The cracks in the facade of the river vision, aka Panther Island, are multiple. First, the Fort Worth Star-Telegram – a longtime editorial advocate of the project – broke the news that highly anticipated and much-needed federal money for the project had been omitted from the government’s current budget and left out of next year’s spending plan as well.
Then, the newspaper got its hands on some emails showing that the project’s most devoted and important champion, Fort Worth Congresswoman Kay Granger, had clashed with the executive director of the Trinity River Vision Authority – who just happens to be her son – over plans to build three new bridges that are crucial to the economic development boom supporters insist will flow from the project as surely as a river flowing into the sea.
It seems the congresswoman (and former Fort Worth mayor) had secured a commitment from the Texas Department of Transportation to build the bridges in a manner that almost certainly would have been cheaper and faster than the plan favored by J.D. Granger and his cohorts at the TRVA and the Tarrant Regional Water District, which is the agency overseeing the project.
The mother deferred to the son and the result, as we now see with our very own eyes, is three over-designed, over-budget, unfinished bridges. You could argue, of course, that there’s no particular rush to finish the bridges since there will be no water under any of them until and unless Washington decides to unleash the millions of federal dollars needed to reroute the river, giving purpose to the would-be bridges and creating the hoped-for urban lake and river walk that would theoretically make all this worthwhile.

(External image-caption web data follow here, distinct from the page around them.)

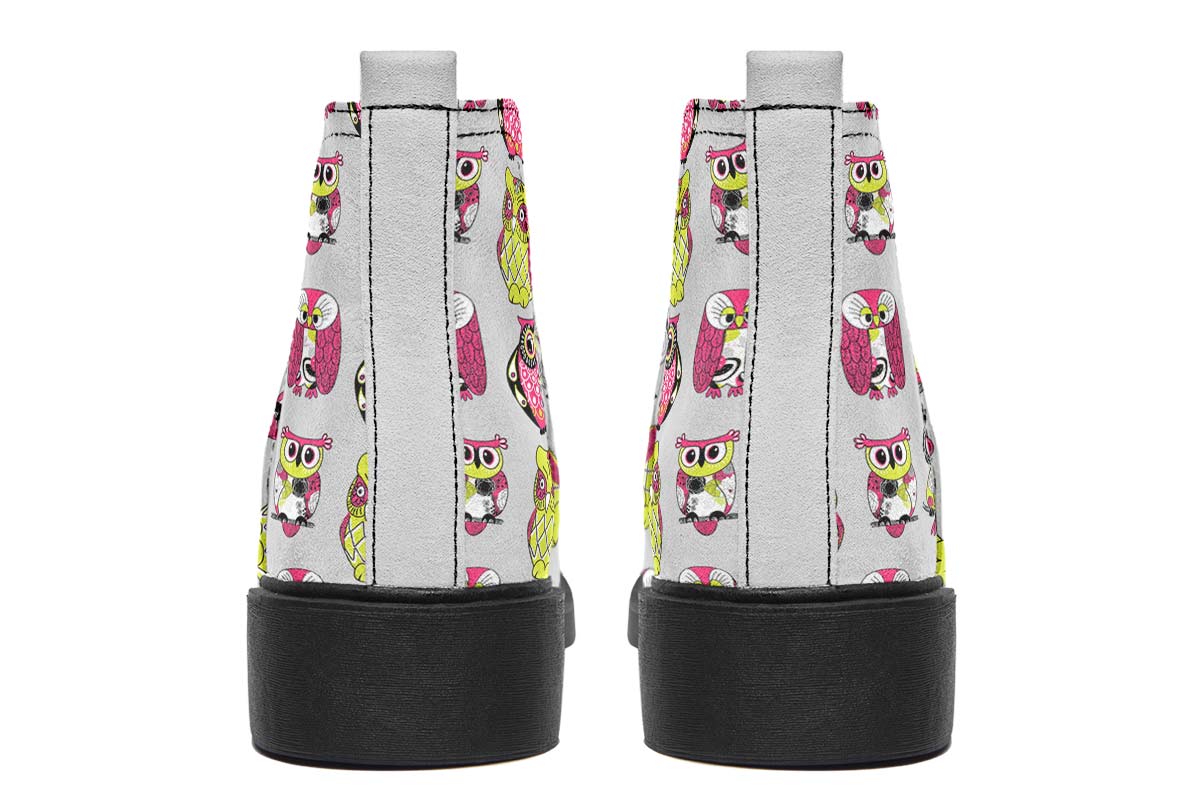 Colorful Owl Pattern Neat Vibe Boots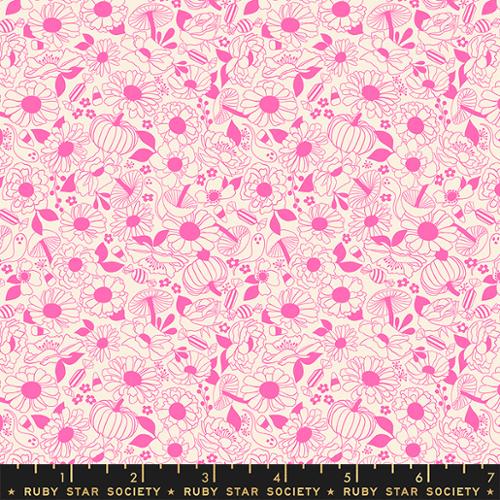 Pumpkin Florals Neon Pink - RS5117 13 - Ruby Star Society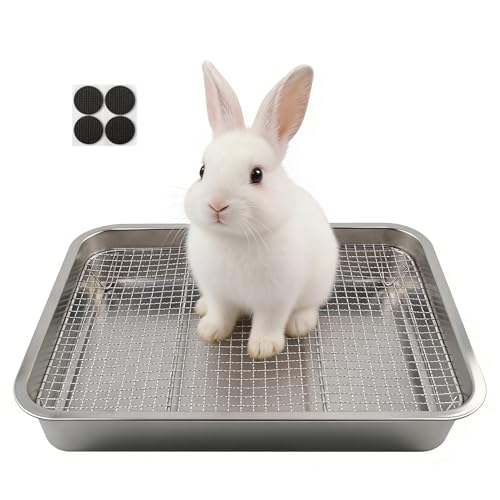 Rabbit Litter Box Stainless Steel Gird Rabbit Litter Box,304 Stainless Steel Sifting Tray with &Non-Slip Feet Mats,Small Animal Toilet Potty Tray Easy to Clean and Wash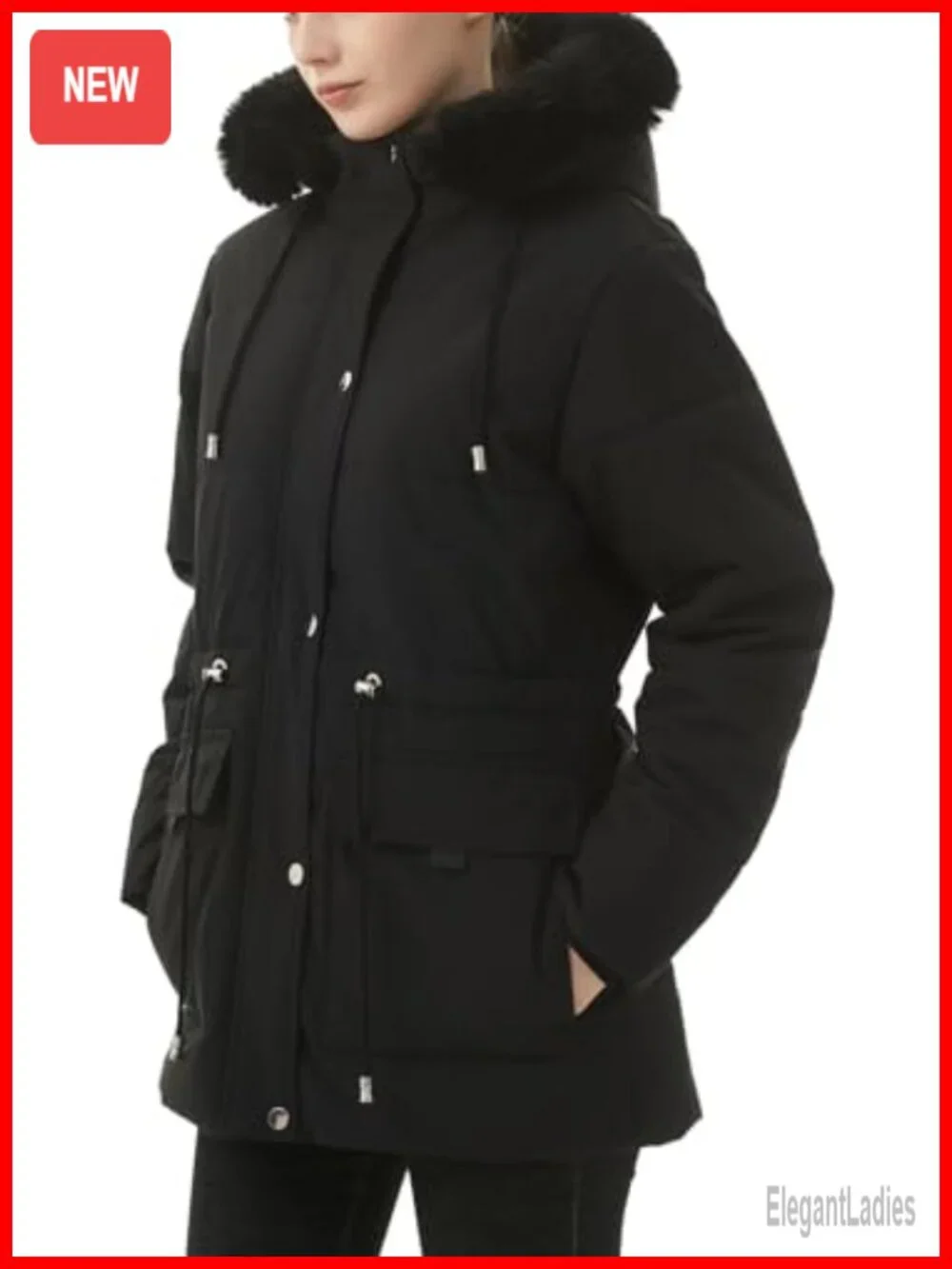 Women's Warm Winter Puffer Coat Fleece Lined Detachable Faux Fur Hood Snow Parka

But there’s more. Given the newly raised questions about funding for the project and longstanding concerns by a small but vocal band of critics that the project has been badly mismanaged for decades, Fort Worth Mayor Betsy Price called for an independent review of the project and its finances. Price even suggested that it might be necessary to refocus the project on its original core purpose: flood control.
Yes, once upon a time – two or three decades and hundreds of millions of dollars ago – the U.S. Army Corps of Engineers told Fort Worth officials they should consider upgrading the city’s levees and flood control infrastructure, which dated back to the aftermath of a devastating 1949 flood that put much of the area we now call West 7th under water. The city jumped on board and somehow turned that sensible proposal into the Panther Island extravaganza that some naysayers ultimately dubbed The Boondoggle.
We reported two weeks ago that two members of the water board had been demanding an audit but now the mayor has joined the fray and brought other members of the city council with her.
Mayor Price should be applauded for her courage and leadership in demanding to know just what the hell is going on with a project that has ballooned in cost and scope while operating in virtual obscurity under the jurisdiction of the hopelessly secretive water district. The district’s boss, Jim Oliver, and its notoriously arrogant and transparency-phobic board of directors must be put on notice that the taxpayers and their representatives at other governmental entities that are coughing up money for Panther Island will no longer tolerate an unfettered flow of tax dollars into an undug river channel, a trinity of unbuilt bridges and a veritable pipe dream of burgeoning commercial development.
The Business Press has long criticized the project as misguided, mismanaged, overpriced and overhyped. We have argued for changes at the water district and, mostly to no avail, editorially endorsed challengers to entrenched and unresponsive members of the water board. We criticized the appointment of Granger’s son to head the agency created as a surrogate of the water district to promote the project and propel it toward completion.
Our argument was never specifically with J.D. Granger’s qualifications or lack of them. We simply believed such blatant nepotism involving such an expensive and high-profile project was ill-advised. Those unfinished bridges rimming Panther Island might add some credence to that point of view; if Kay Granger had insisted on having the state build the bridges instead of letting her son have his way, they might well be completed by now – and with far less expenditure of taxpayer money.
Until Mayor Price stepped up to the plate with a bold stroke of leadership and common sense, the water district and river vision authority had been acting as if Panther Island was still right on target and there was no cause for alarm. But now the city of Fort Worth – which has committed more than $26 million to the project and is the main cog in a special taxing district that is critical to the plan – has officially joined the ranks of Panther Island skeptics. The water district has miraculously become interested in the idea of a project review and will meet to discuss it on Tuesday, Oct. 30.
The review must be done and it must be done by a truly independent entity, not by one of the water board’s crony consultants – and the board’s history of cronyistic contracts where Panther Island is concerned should be one of the focal points of the independent review. It’s time to plug the hole in the dike on Panther Island.